Depois os guinchos e silvos cortantes fizeram-se mais e mais fortes, mais e mais próximos, bem como o furtivo zumbido e esvoaçar das vastas asas reptílicas circulando cada vez mais perto, mais perto - e Tsukune soube que o wyvern subira beirando o vertiginoso paredão rochoso vertical e ora pairava que nem varejeira, ruflando veloz as imensas asas dracônicas a menos de dois metros de distância logo a seu lado.

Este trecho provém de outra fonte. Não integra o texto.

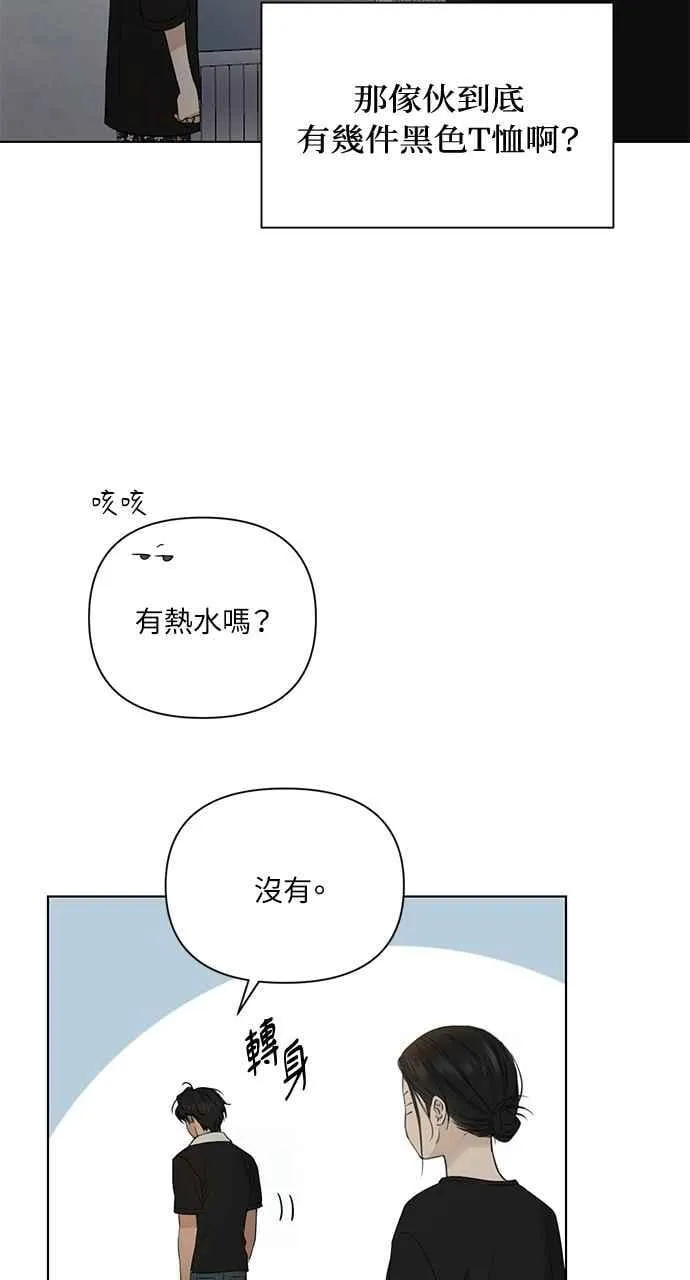 第35话5
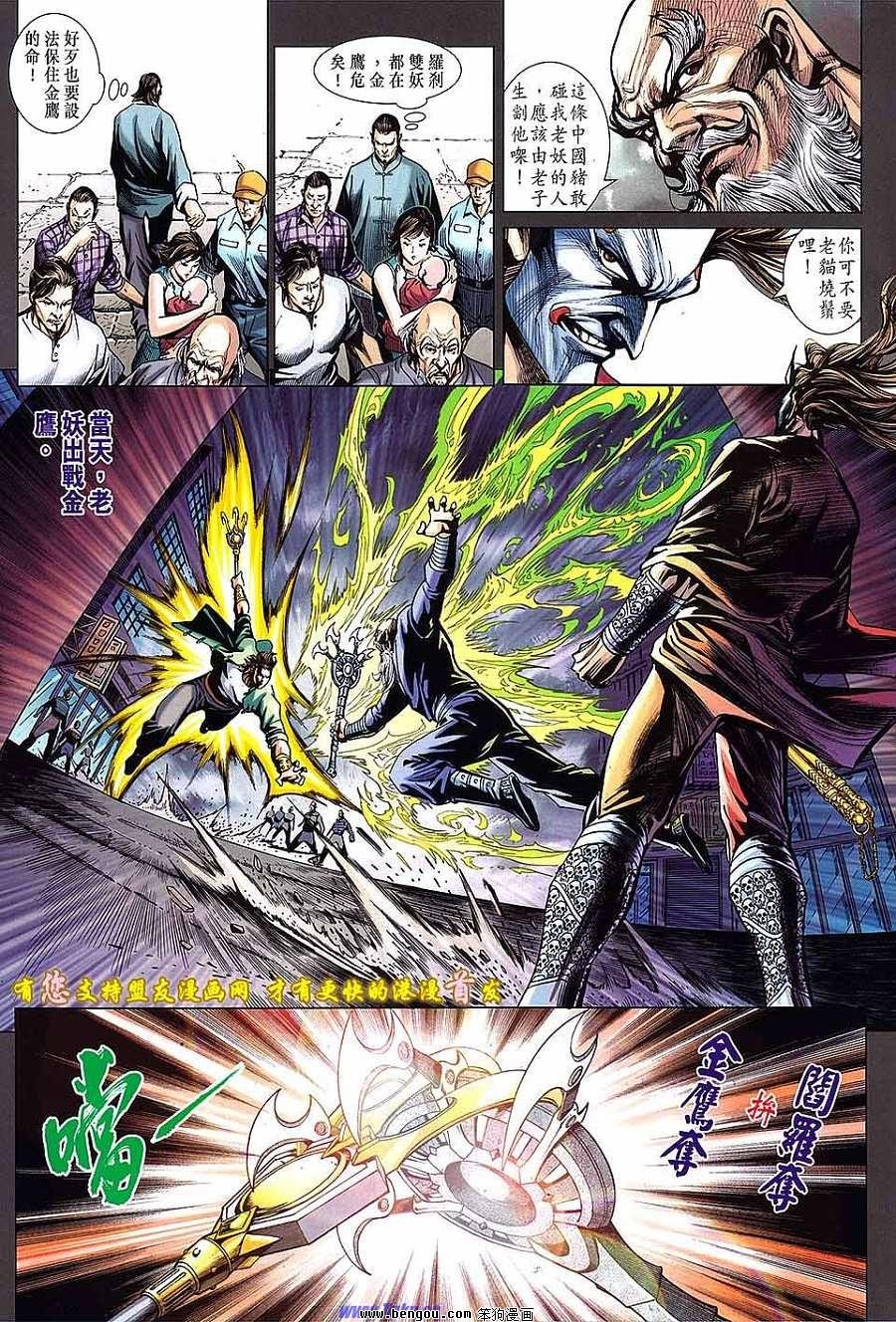 第635话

Da garganta do monstro saiu um rosnado profundo que lembrava o bramido de um crocodilo australiano gigante, perturbando o jovem humano.

"Droga de bicho!"

Foi quando uma voz feminina conhecida, fria com um levíssimo tom de zombaria, soou pelo ar: - Todo cuidado é pouco quando se está escalando um monólito de rocha que é tão liso como o alabastro e tão íngreme como a parede de um quarto. Um passo em falso e adeus, Tsukune!

– Moka... san?! - murmurou Tsukune. Olhou de soslaio e era Ura-Moka quem montava a besta alada de quase cinco metros de comprimento e coloração cinza-marrom a pairar nos ares, batendo furiosamente as asas de morcego com uma envergadura de mais de seis metros. "O que ela tá fazendo aqui?"